"Badges! We don't need no stinking badges!" I added the above Flickr Badge to my Facebook fan page today. I was trying to figure out a way to make a widget so that those of you who'd want to would be able to share a mini-slideshow of my work on your site or profile or whatever.
I'm a little famooshed this morning after trying a bunch of new things with my online stuff. Stuff. What else do you call it? Presence? Accounts? Profiles? Social Media?
There's Facebook which has a fan page and my personal account with friends and family. There's Twitter with followers. And there's Flickr with contacts. Each site, each environment requires a different approach. Subtle, but different. All try to do the same thing, engage and connect with music lovers and artsy people, yet...
Flickr is the simplest. Upload images, add tags and description, add to relevant groups. The strange thing is though that I get more random connections there. People just interested in art. A lot of street artists. I only communicate with them there for some reason. News about vinyl art shows usually ends up there first.
On Twitter, it's more about sharing ideas and people and links related to my art, but not my art directly so much. Followers seem to like big news, like being featured on Playboy, but the better updates are the ones that show who I am as an artist. I like architecture, this architect, these buildings. I came up with this saying on my way to lunch today. I like this lyric from this band I really like. There's this other cool guy here who does this neat artwork. That kind of thing. There is the ability to send messages, but users seem mostly to add images as favorites and occasionally leave public comments.

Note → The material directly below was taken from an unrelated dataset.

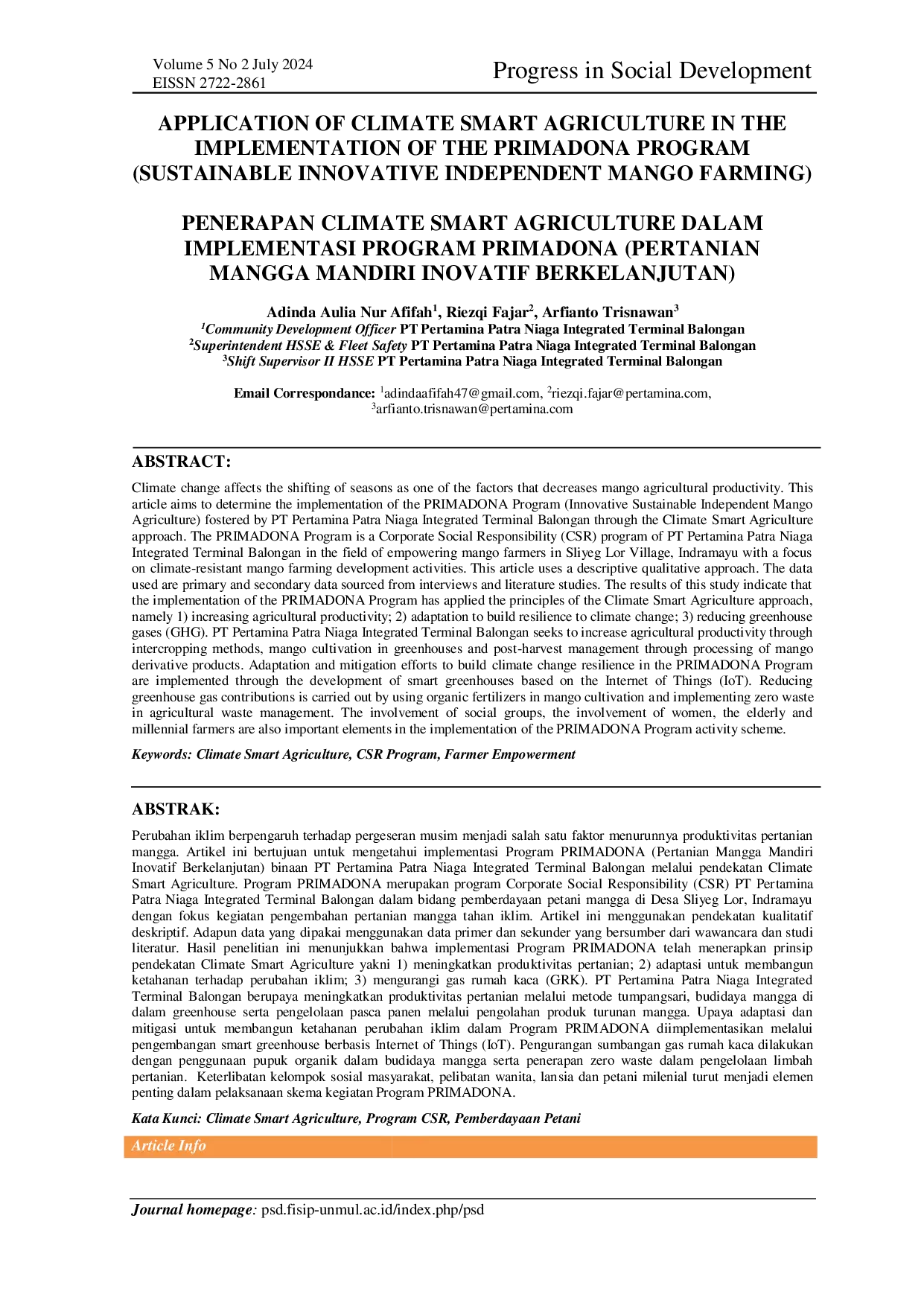 JURIS Application Of Climate Smart Agriculture In The Implementation Of The Primadona Program Sustainable Innovative Independent Mango Farming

On Facebook, my fan page is solely news in various forms about my art. This is the charity event to which I donated pieces. Here is the video clip in which Mike Love signs my piece of him for DLFTV. This is the show in London to which I've submitted pieces. Those kinds of things. There is the ability to have discussions, but users seem to pay attention to fan pages more as a news feed with feedback.
Then, also on Facebook, my personal account is, well, more personal. Still about my art but mostly family and old friends and new ones I've made online. The updates are rarer there, as I figure most other stuff besides news about Abbey Grace is too mundane. I do go back and forth in comments more though, with multiple people joining in briefly.
And that's been the most complex part, figuring out where the conversation works the best. Since email seems to be fading, for whatever reason, and is being replaced by all these social sites, where do you find it the easiest to participate in discussions? The most comfortable?
No, really. I'm asking you. Where?
Peace.
2 comments:
Facebook and Twitter seem to be the best. Does anyone even log onto their myspace account anymore?
They're definitely the most popular. But how do you use them differently? Where do you participate more?